Task goal: Please output exactly the lines from the one containing "This is just" through the end of the records below, leaving out any pictures.

───── Task input

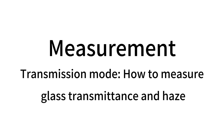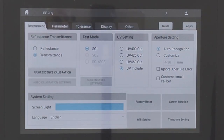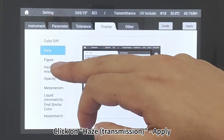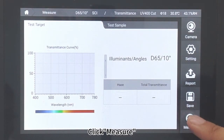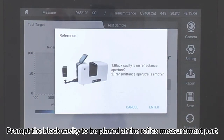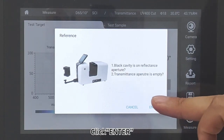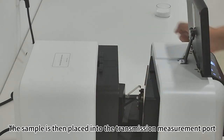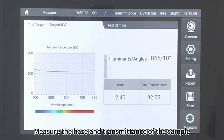Transmission Mode. How to measure glass transmittance and haze: Click Setting, then click Display. Click on Haze Transmission Apply. Click Measure. When prompted, place the black cavity at the reflex measurement port and click Enter. The sample is then placed into the transmission measurement port. Click Enter. The haze and transmittance of the sample are measured.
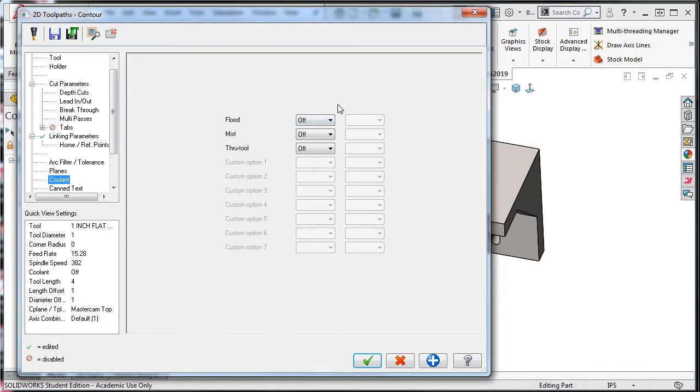My vertical mill only has the flood style coolant, so I'll turn it on.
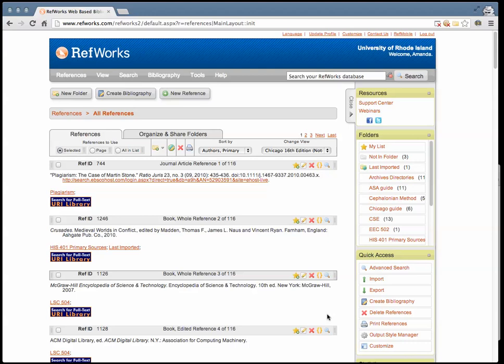You can export all of your citations from RefWorks as a whole or export by folder. To export your entire library of citations, click on Export in the menu on the right side of the page.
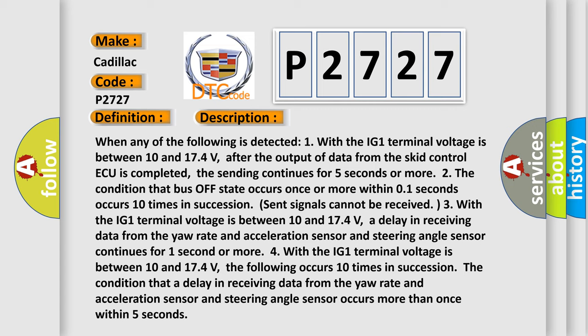With the IG1 terminal voltage between 10 and 174 volts, the following occurs 10 times in succession: the condition that a delay in receiving data from the yaw rate and acceleration sensor and steering angle sensor occurs more than once within five seconds.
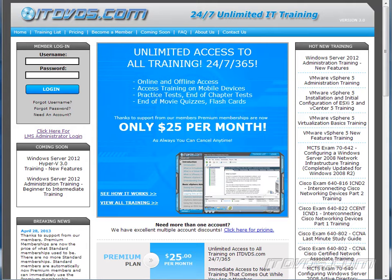This is just a sample of the training available at itdvds.com. To see complete training, please go to itdvds.com. Let's begin the sample.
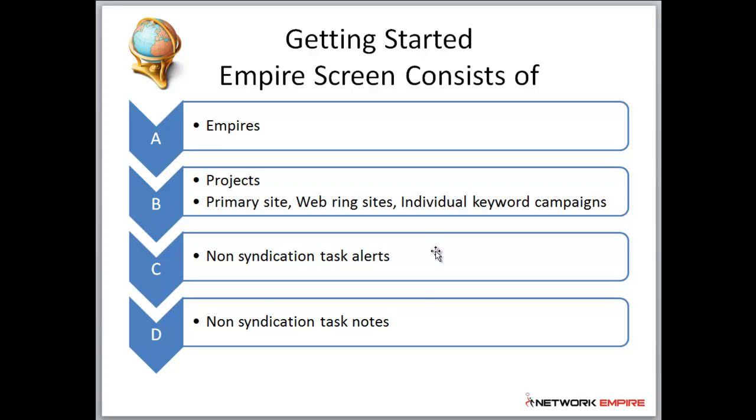your non-syndication task alerts and syndication task alerts. The alerts are alerts that you set for specific team members or groups of team members, and this is a system that gives you reminders for important tasks that need to get done.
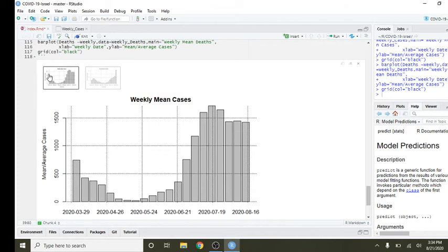So this is the average number of cases per week. You can see, interestingly enough, the average is staying pretty even.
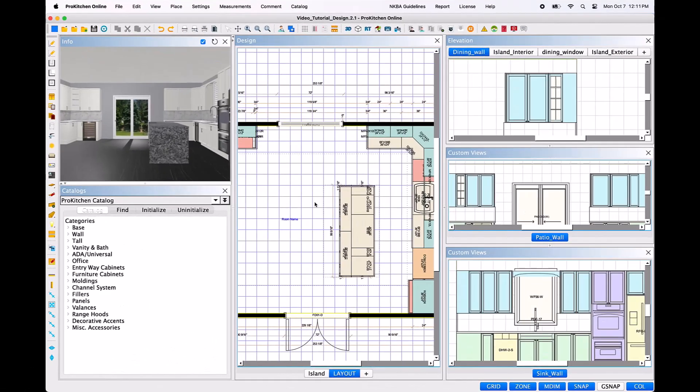Moldings are quite literally the crowning glory of your designs. It is very important to add all the necessary moldings once you have completed drafting the cabinetry, not only for them to render in 3D, but to also ensure that they are on the bill of materials, manufacturer, and customer reports. There are two ways in which you can add moldings to your designs with ProKitchen software: either by dragging them into your plan manually from your selected catalog, or by adding them with the one-click Add All Moldings tool.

──────────

Written solution:
This is just a sample of the training available at itdvds.com. To see complete training, please go to itdvds.com. Let's begin the sample.
your non-syndication task alerts and syndication task alerts. The alerts are alerts that you set for specific team members or groups of team members, and this is a system that gives you reminders for important tasks that need to get done.
So this is the average number of cases per week. You can see, interestingly enough, the average is staying pretty even.
Moldings are quite literally the crowning glory of your designs. It is very important to add all the necessary moldings once you have completed drafting the cabinetry, not only for them to render in 3D, but to also ensure that they are on the bill of materials, manufacturer, and customer reports. There are two ways in which you can add moldings to your designs with ProKitchen software: either by dragging them into your plan manually from your selected catalog, or by adding them with the one-click Add All Moldings tool.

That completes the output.